* Directions for this task
Omit every picture, then return the listing verbatim.

* Collected material
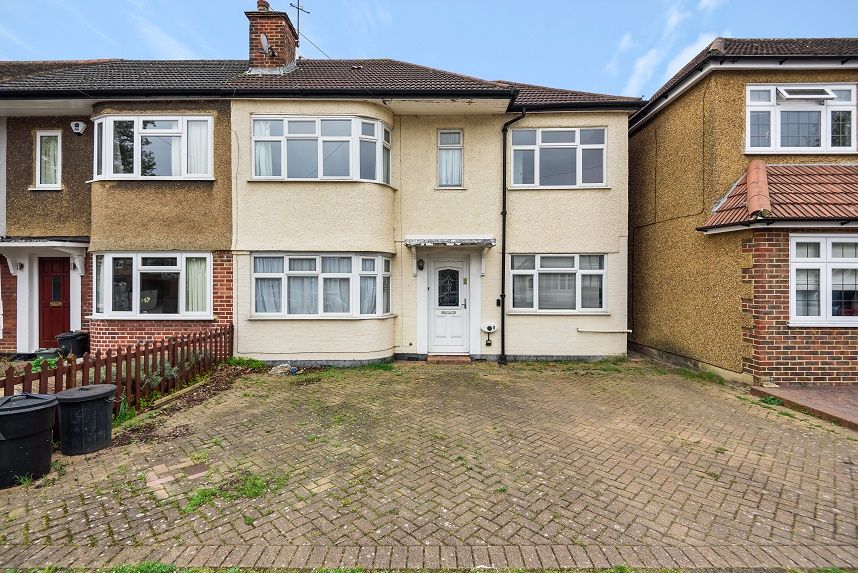 3 bed end terrace house for sale in Bempton Drive, Ruislip HA4 Zoopla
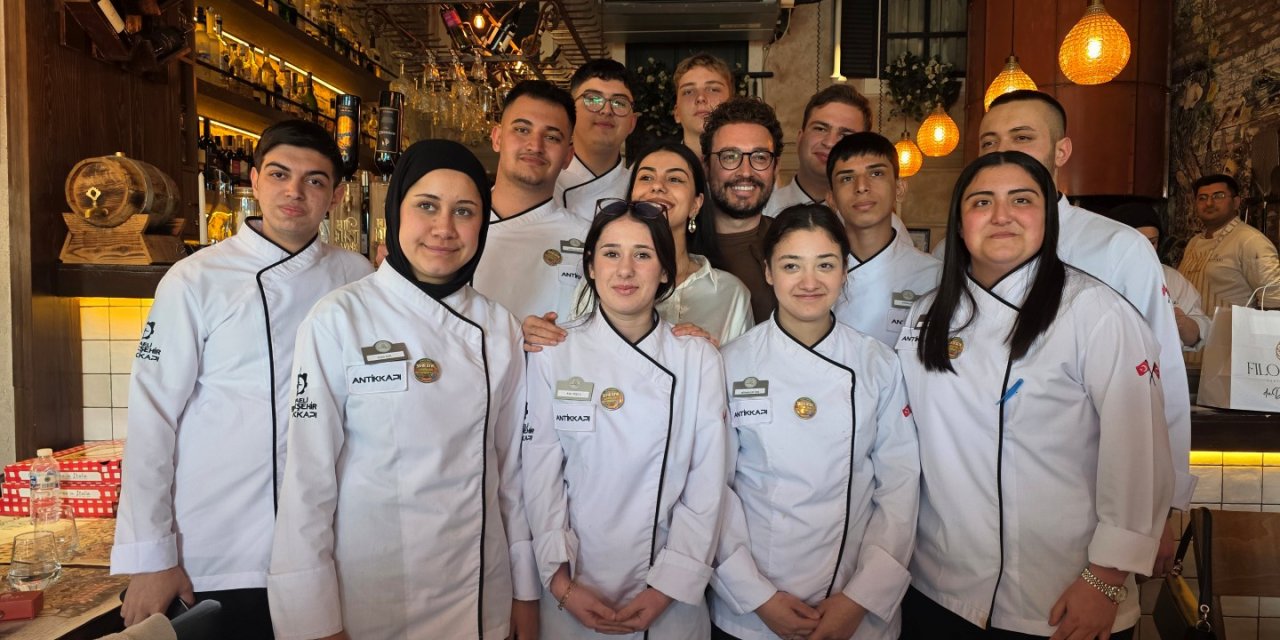 Genç şef adayları, işi ustasından öğrendi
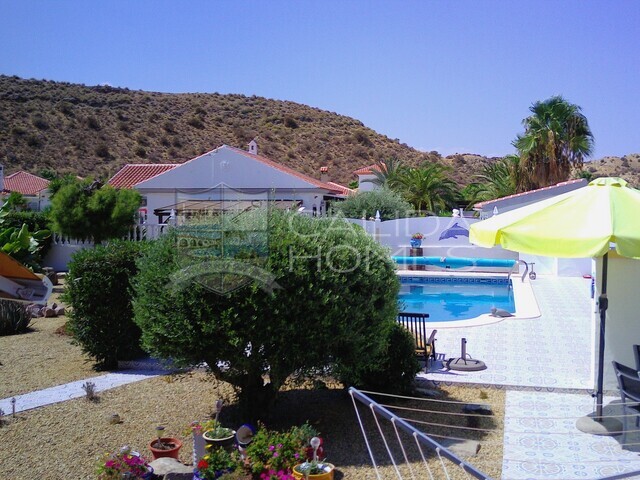 cla7437: Resale Villa for Sale in Arboleas, Almería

* Task output
 3 bed end terrace house for sale in Bempton Drive, Ruislip HA4 Zoopla
 Genç şef adayları, işi ustasından öğrendi
 cla7437: Resale Villa for Sale in Arboleas, Almería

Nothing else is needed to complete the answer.